It’s this shared hope that we always try to get to with our clients here at Amack, way before we begin to build a plan. As Simon Sinek says, “Martin Luther King had a dream; he didn’t have a plan”. If you have the hope and the belief, your team and your customers will work with you because they have that same hope and belief, not just because they want the end product, and that’s the outcome you want.


When we first speak with a new client at Amack, we always ask what their ‘hope’ is. We often get a nervous laugh and a tilt of the head, but always, the answer comes. We look not just at what their hope is but why it’s worthwhile and necessary, why it matters, why it will improve the world, why others should buy into the belief, too. The incessant ‘why’ might sound like a four-year-old but I tell you, four-year-olds know a thing or two about hope. They know that anything is possible if you really want something and that you have to ask questions and get all the information to help you reach the thing you dream about.

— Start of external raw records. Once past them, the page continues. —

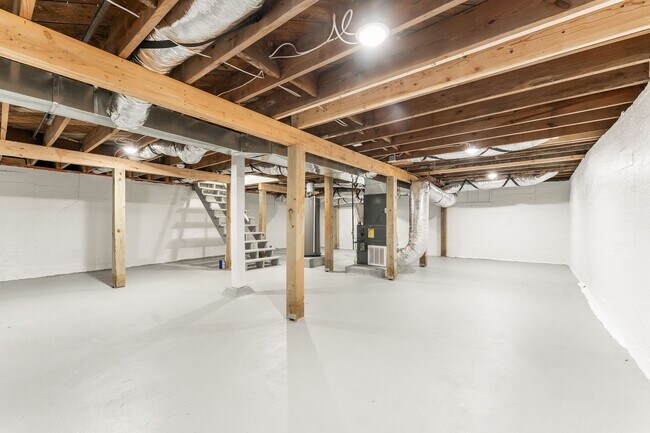 Building Photo - Available now!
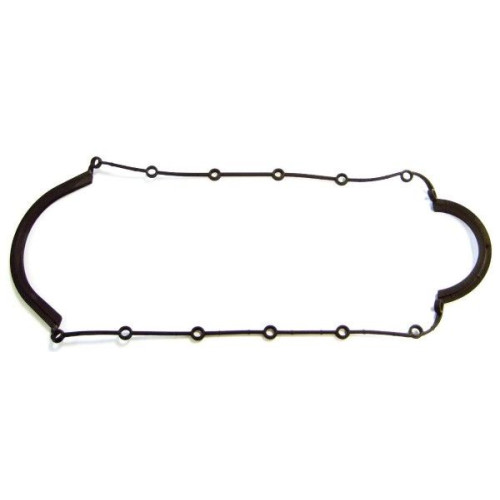Weatherstrip Boschnnet-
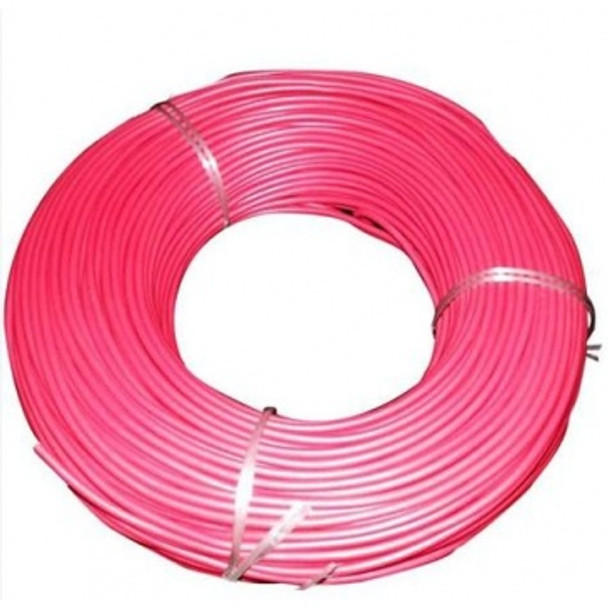 Cutix Electrical Cable 6mm Single Core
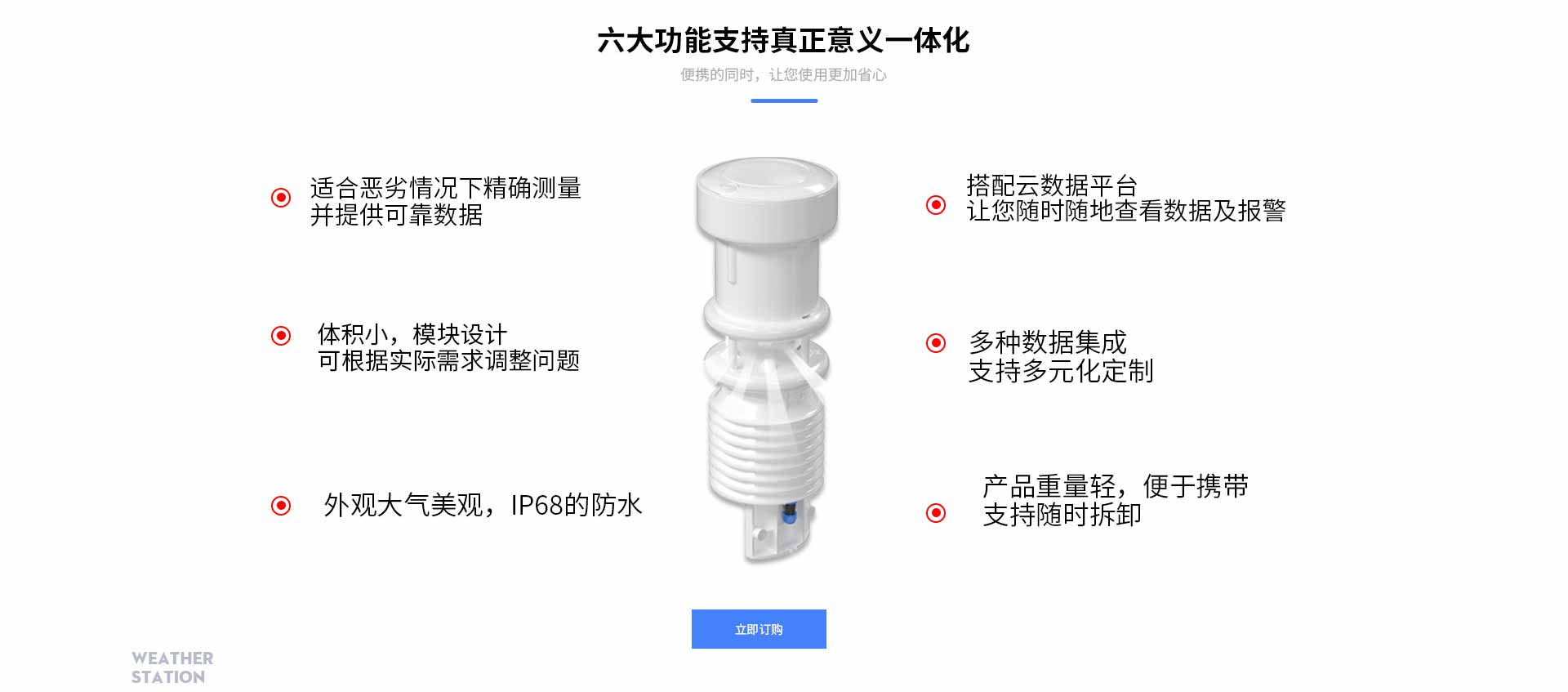 一体化专题页-拷贝_03.jpg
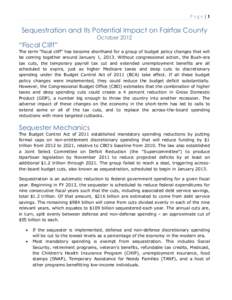 Economy of the United States / Bush tax cuts / Government / Tax cut / Tax / Political debates about the United States federal budget / Expenditures in the United States federal budget / Economic policy / Presidency of George W. Bush / United States federal budget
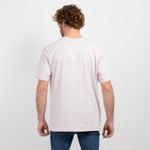 label-1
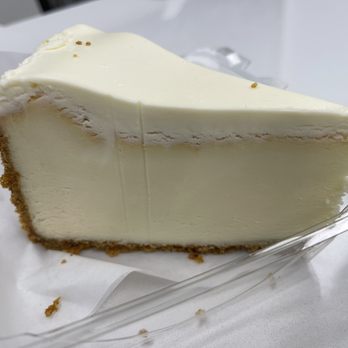 Pepper Farm Deli - Cheesecake - Sandwiches Near Me - Santee, California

Once we know what and why the hope is, we like to visualise the hope a little. What will it look like? How will it feel? What will the achievement be? It could be as big as a new product launch or expansion into another country, or as small as a new, streamlined process that makes life easier for a business. The size is not important here - small hopes are just as valid as huge hopes.


The time we spend on all this is time well spent. Once we understand what your hope is, and you understand how you can get your teams and key stakeholders to hang onto that hope, too, then (and only then) is it time to make a plan.